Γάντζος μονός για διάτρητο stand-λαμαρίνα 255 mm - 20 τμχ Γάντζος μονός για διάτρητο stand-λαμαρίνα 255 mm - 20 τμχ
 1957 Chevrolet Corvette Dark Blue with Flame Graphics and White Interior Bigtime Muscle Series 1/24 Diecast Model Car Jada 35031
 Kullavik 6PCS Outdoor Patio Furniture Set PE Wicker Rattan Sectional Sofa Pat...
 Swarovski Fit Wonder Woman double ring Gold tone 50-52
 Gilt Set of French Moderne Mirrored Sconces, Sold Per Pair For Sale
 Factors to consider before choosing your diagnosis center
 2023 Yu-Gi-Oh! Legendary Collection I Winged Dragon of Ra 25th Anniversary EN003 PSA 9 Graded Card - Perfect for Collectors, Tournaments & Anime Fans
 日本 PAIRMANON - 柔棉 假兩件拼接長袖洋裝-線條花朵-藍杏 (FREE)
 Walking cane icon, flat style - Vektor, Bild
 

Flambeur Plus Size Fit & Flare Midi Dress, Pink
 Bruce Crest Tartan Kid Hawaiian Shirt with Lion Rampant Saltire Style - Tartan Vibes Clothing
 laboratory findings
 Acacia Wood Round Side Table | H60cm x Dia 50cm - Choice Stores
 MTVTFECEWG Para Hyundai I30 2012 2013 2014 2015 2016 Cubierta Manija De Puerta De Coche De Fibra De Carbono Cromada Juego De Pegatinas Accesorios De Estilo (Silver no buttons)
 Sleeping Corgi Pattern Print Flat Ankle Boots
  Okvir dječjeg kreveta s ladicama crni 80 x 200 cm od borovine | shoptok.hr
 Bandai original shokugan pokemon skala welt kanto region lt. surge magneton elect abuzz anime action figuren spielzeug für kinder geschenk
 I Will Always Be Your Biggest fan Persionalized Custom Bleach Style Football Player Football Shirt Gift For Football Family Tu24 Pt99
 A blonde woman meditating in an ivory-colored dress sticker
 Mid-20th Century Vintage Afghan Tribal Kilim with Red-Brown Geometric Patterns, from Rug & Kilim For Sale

********

Working from the material above, retype exactly the lines from the one with "Swarovski Fit Wonder" through the one with "2023 Yu-Gi-Oh! Legendary", both included, and only those lines.

§ **Written answer**:
 Swarovski Fit Wonder Woman double ring Gold tone 50-52
 Gilt Set of French Moderne Mirrored Sconces, Sold Per Pair For Sale
 Factors to consider before choosing your diagnosis center
 2023 Yu-Gi-Oh! Legendary Collection I Winged Dragon of Ra 25th Anniversary EN003 PSA 9 Graded Card - Perfect for Collectors, Tournaments & Anime Fans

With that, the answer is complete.